Transforms are operations that are applied to individual elements of the pipeline and provided as a function. There are quite a few transforms provided by the Apache Beam. Some predefined transforms are Map, FlatMap,  and Filter, but one can create custom transforms from the “PTransform” class.

I/O Transform

Apache Beam provides built-in support for various I/O formats like file formats, messaging systems, databases, and file systems. The supported file formats are text, Avro, Parquet, S3, and Google cloud storage. All read/write transforms are under the IO namespace.

It is possible to create a PCollection using “beam.Create()”, which lets you create various types, e.g., lists, sets, or dictionaries. The following example creates a list of integers and then writes them into a file.

ilines = (
  p1
  |beam.Create([1,2,3])
  |beam.io.WriteToText('outfile.txt')
)

Listing 2. Creating a PCollection using the beam.Create()
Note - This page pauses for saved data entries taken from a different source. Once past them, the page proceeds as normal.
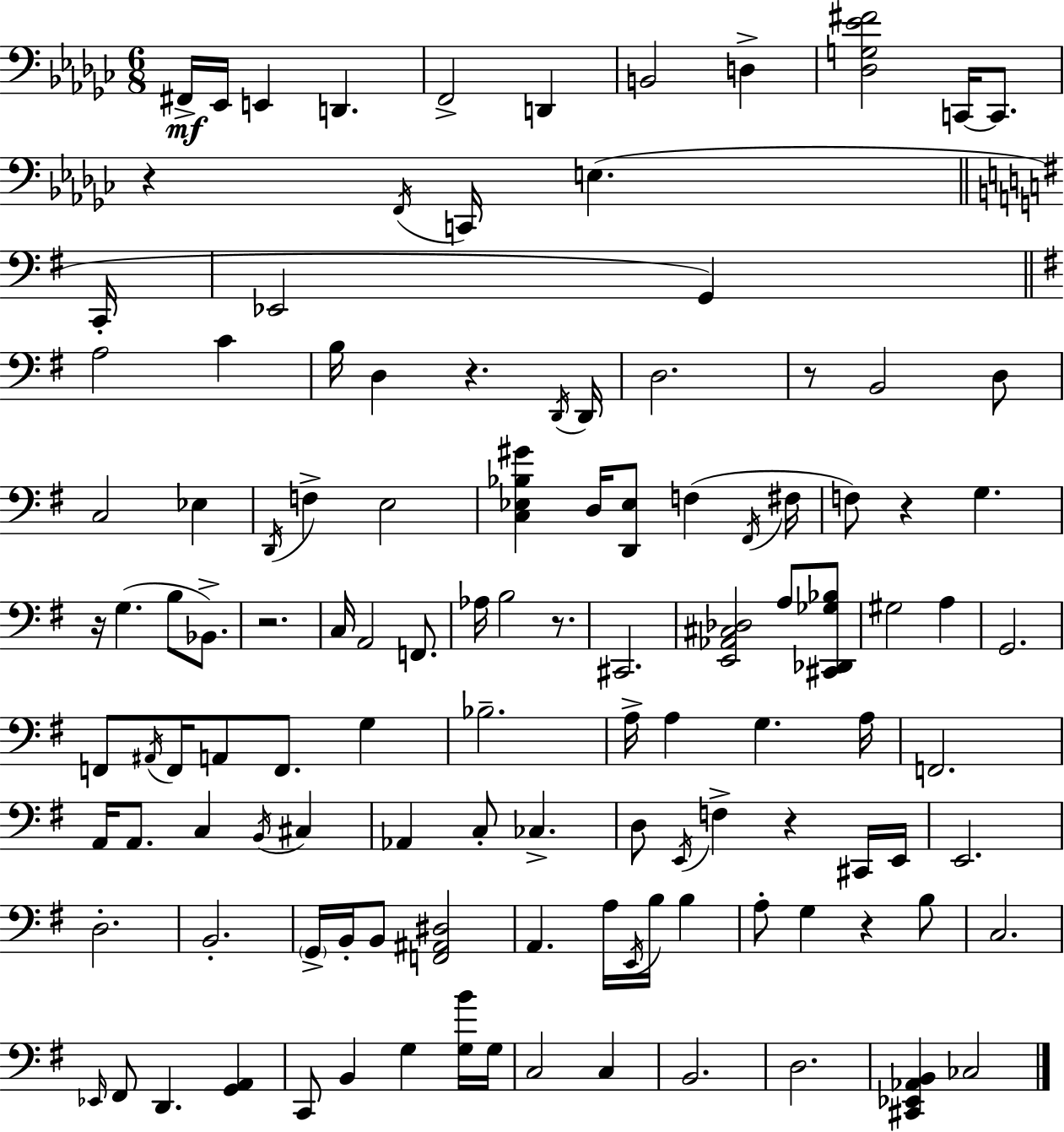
X:1
T:Untitled
M:6/8
L:1/4
K:Ebm
^F,,/4 _E,,/4 E,, D,, F,,2 D,, B,,2 D, [_D,G,_E^F]2 C,,/4 C,,/2 z F,,/4 C,,/4 E, C,,/4 _E,,2 G,, A,2 C B,/4 D, z D,,/4 D,,/4 D,2 z/2 B,,2 D,/2 C,2 _E, D,,/4 F, E,2 [C,_E,_B,^G] D,/4 [D,,_E,]/2 F, ^F,,/4 ^F,/4 F,/2 z G, z/4 G, B,/2 _B,,/2 z2 C,/4 A,,2 F,,/2 _A,/4 B,2 z/2 ^C,,2 [E,,_A,,^C,_D,]2 A,/2 [^C,,_D,,_G,_B,]/2 ^G,2 A, G,,2 F,,/2 ^A,,/4 F,,/4 A,,/2 F,,/2 G, _B,2 A,/4 A, G, A,/4 F,,2 A,,/4 A,,/2 C, B,,/4 ^C, _A,, C,/2 _C, D,/2 E,,/4 F, z ^C,,/4 E,,/4 E,,2 D,2 B,,2 G,,/4 B,,/4 B,,/2 [F,,^A,,^D,]2 A,, A,/4 E,,/4 B,/4 B, A,/2 G, z B,/2 C,2 _E,,/4 ^F,,/2 D,, [G,,A,,] C,,/2 B,, G, [G,B]/4 G,/4 C,2 C, B,,2 D,2 [^C,,_E,,_A,,B,,] _C,2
Finally, similar to a read transform, we have a corresponding write transform, which writes the output of the Apache Beam pipeline.

Filter Transform

This is self-explanatory: Given a condition, the transform filters out all elements that don't satisfy it. A Filter transform can also be used to filter based on inequality with a given value based on the comparison ordering of the element. Here is an excellent Google Colab showing different variations of the Filter transform. 

Map/FlatMap Transform

A Map transform converts a PCollection of N elements into another PCollection of N elements. A FlatMap can have zero or more outputs—it takes a PCollection of N elements and returns N collections of zero or more elements that are flattened into a final PCollection. 

For example, if we have a list of three elements, applying the same lambda operation using Map will produce a collection of three lists, while FlatMap will produce a collection of six individual elements, as follows:

beam.Create([1, 2, 3]) | beam.Map(lambda x: [x, 'macroMeta']) 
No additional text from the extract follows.